I didn't say anything of the sort - quit putting words in my mouth. You didn't offer a question in your post, merely a paragraph that perhaps could, or could not have been written by you. I merely posted some cuttings on a similar theme to put things into comparison. There is no need for bickering.

andave_ya
11-18-2008, 10:51 PM
One man, One sword, One fight.
It began; the blades were in a flurry of sparks and marks of death upon a single cuirass. The swing of one bladed landed and the crimson rain began, blurring the vision of all warriors, but none ceased the onslaught against the competitors. A second died, his heart lay there with his soul crying over it. A third was gone a spray of crimson as the blood slowly filled his lungs. A fourth dead as the blade of the arrow pierced his brain and he began to go into convulsions. The last standing was the victor, he fell as his own mind began to kill itself from his own treachery.

The idea is fine, the execution a little forced. Can you elaborate? Is it a chunk from a novel or a standalone piece? Why are they fighting? What's the plot? Why did the "victor" betray his companions? Where is it? When is it? Who are they? Is this a subplot in a greater story?
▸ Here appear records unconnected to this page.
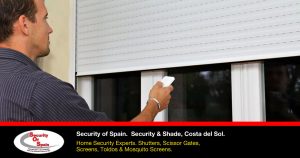 Security Shutters, Security of Spain, Mijas Costa, Spain - Motorised, electric shutters in durable aluminium offer a high level of security for your home or workplace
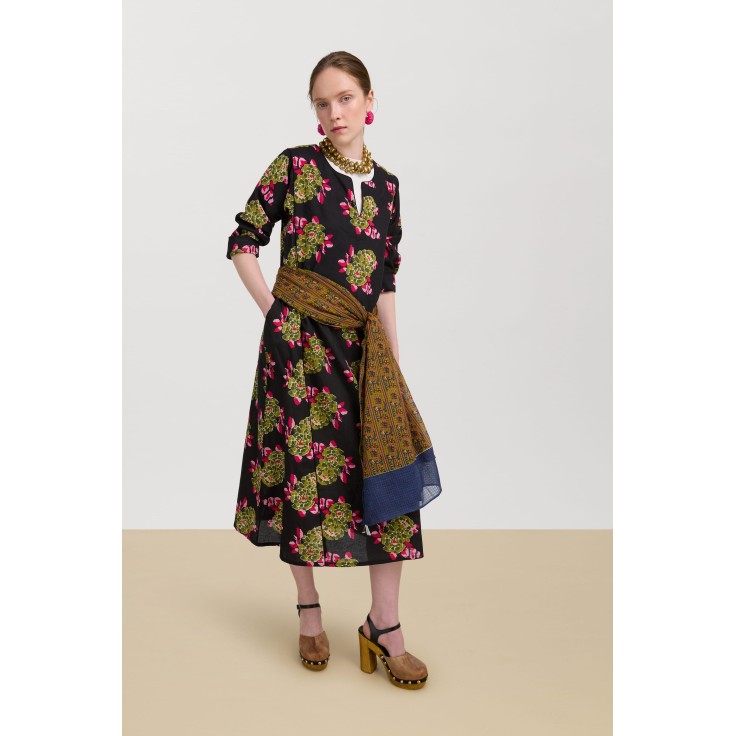 Sara kaftan suiko flower black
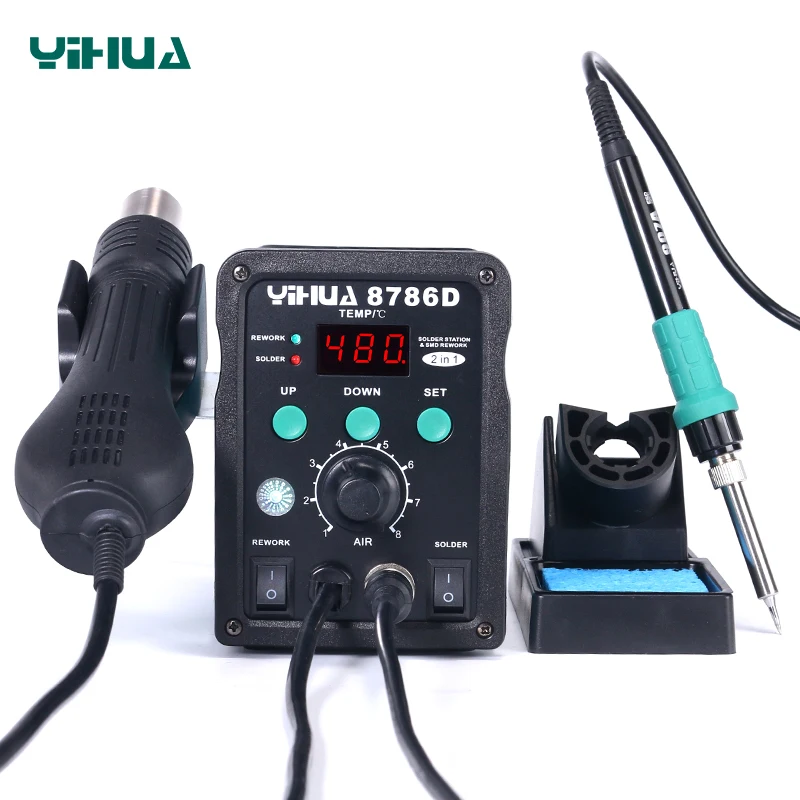 YIHUA 8786D SMD rework Soldering Station 740W 2 in 1 Digital Display Hot Air Gun Solder Iron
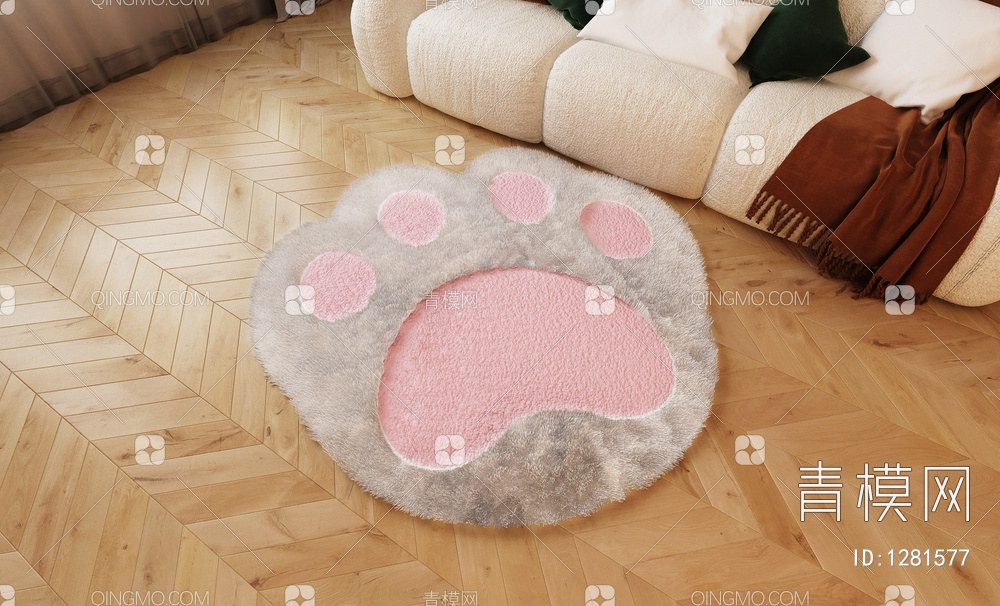 毛绒猫爪造型地毯3D模型下载【ID:1281577】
Then of course, with such a matter as war and death there is potential for far more elaboration, far more of the mental, inner struggle. I can see some, I dunno what the word is, seeds of sophistication, I guess, in it but you can develop them a lot more. I like the use of "crimson rain," "soul crying over it," and "kill itself from his own treachery," although it shouldn't be "blade of the arrow," it should be "shaft."